Now the GOP is worried that “one or more persons or organizations” will file a lawsuit claiming its Super-PAC violates Colorado’s election law.

And so it is petitioning the SOS to make a formal determination that it can spend unlimited amounts of cash from any source, including corporations, because, as the petition states, the GOP plans to use its Super-PAC to raise funds “with no contribution limitations on either amount or permissible contributor.”

In response to the state GOP Super-PAC petition, Colorado Ethics Watch filed a petition, as described on its website, asking the Secretary of State “to conduct a full rulemaking proceeding so that the ultimate decision will apply to all parties alike and so that all interested citizens may have a full and equal opportunity to have their voices heard during the process. Ethics Watch urged the Secretary to issue a proposed rule that would prohibit political parties from using independent expenditure committees to circumvent restrictions on political party fundraising in Colorado law.”

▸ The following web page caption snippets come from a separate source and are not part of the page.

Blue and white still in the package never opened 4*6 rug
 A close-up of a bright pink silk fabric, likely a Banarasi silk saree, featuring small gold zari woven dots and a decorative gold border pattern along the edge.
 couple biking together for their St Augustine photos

The key question here is whether a political party, like the state GOP, should be allowed to set up a Super-PAC, and the Secretary of State has scheduled a hearing to address the GOP’s Super-PAC petition tomorrow, Jan. 7, at 1:30 p.m.

Absent will be answers about what Tea Party activists can do to ensure that the State GOP doesn’t use its Super-PAC against them.

Toro said this question is outside of his expertise, but he wrote:

Presumably the by-laws could be amended to clarify that the Super-PAC can’t support or oppose candidates in a contested primary. But if the Super-PAC were to be subject to state party rules it wouldn’t be very independent, would it?

So this leads back to the battle cry you hear from the Tea Party folks on the radio. They often say they have to take over the Republican Party. They say it’s the only way they win the war.